Additional insights include an inverse relationship between nephron number per kidney and average glomerular size, and larger glomeruli also associate with male sex and taller height [31]. Another insight came from a Japanese autopsy study, which demonstrated how in the setting of low nephron endowment, the primary factor involved in GFR maintenance was glomerulomegaly and not the glomerular hypertension [32]. This finding is consistent with the scenario of donors having lower GFR than recipients, because in this scenario, the majority of donors were women and recipients were men. Presumably, smaller glomeruli from female donors hypertrophied in male recipients, with a physiological response that drove a higher GFR in recipients.

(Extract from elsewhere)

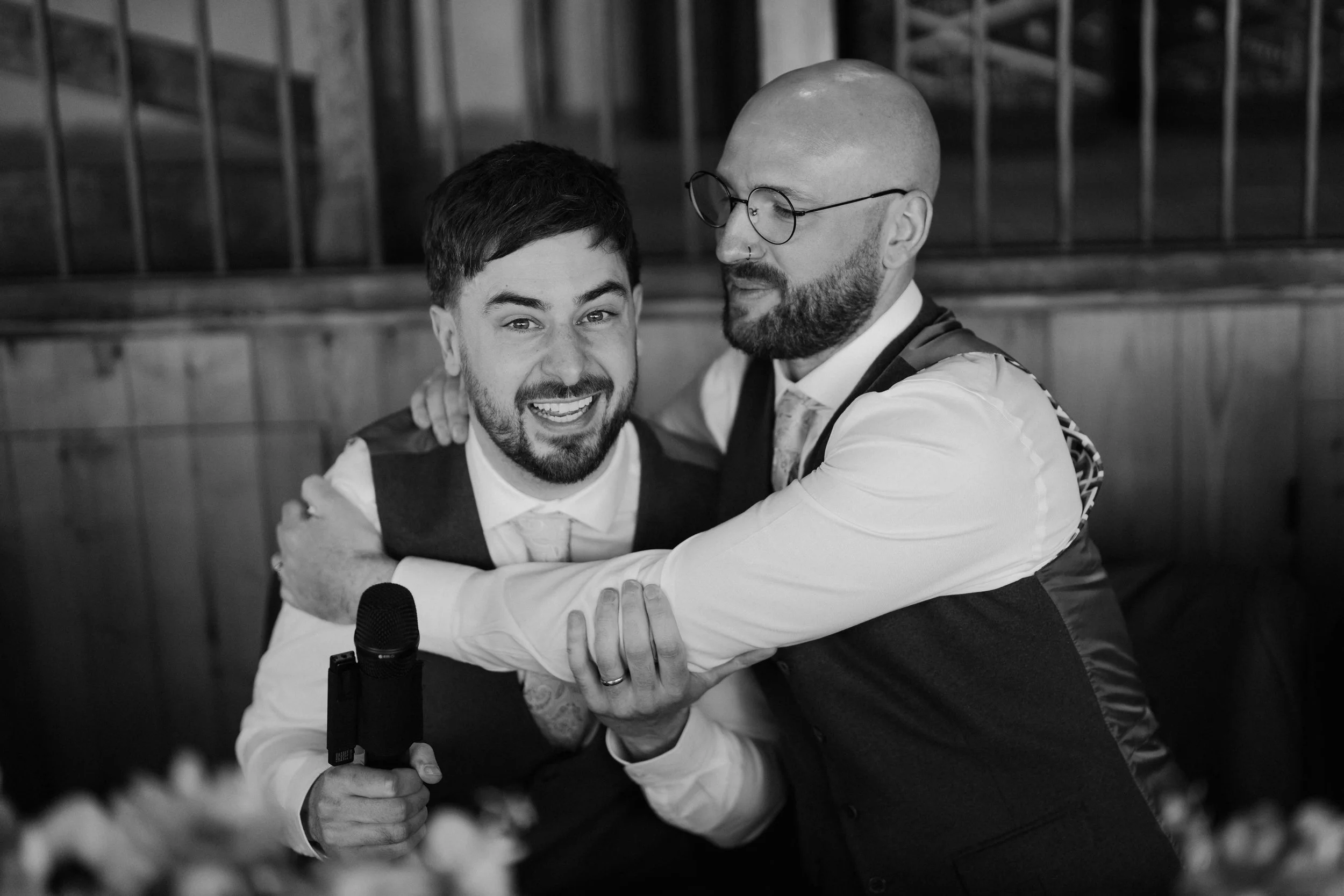 Two men embracing each other in a hug, smiling, on a stage with a microphone in front of them, with a blurred background of flowers or plants.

Given the finite number of nephrons, it is reasonable to ask whether GFR adaptation recruits the total kidney reserve and leaves the kidney without any further possibility to increase the GFR in response to acute demands. It seems that this is not the case; the transplanted kidney (or the remaining kidney after living kidney donation) keeps its ability to increase the GFR. This capacity of the kidney has long been evidenced by an increase in GFR following dopamine infusion or amino acid infusion, and is known as the renal reserve [33]. In fact, Tent et al. observed that renal reserve was still present in transplanted kidneys, suggesting that BSA mismatch involved a different mechanism from renal reserve to increase GFR. Van Londen et al. [34] demonstrated that after living kidney donation, renal reserve was still present only for young females with a BMI <25 kg/m2 but disappeared after donation for those with a BMI ≥25 kg/m2. This result demonstrates that kidney adaptability is not uniform between individuals: some individuals may still have a renal reserve, while others may not. The long-term consequences of lacking renal reserve are unknown, but some data suggest that the lack of renal reserve may be associated with obstetrical complications [35].

The article by Gonzales Rinne et al. poses old questions: it illustrates in humans the phenomena that was observed decades ago in animal models of kidney transplantation.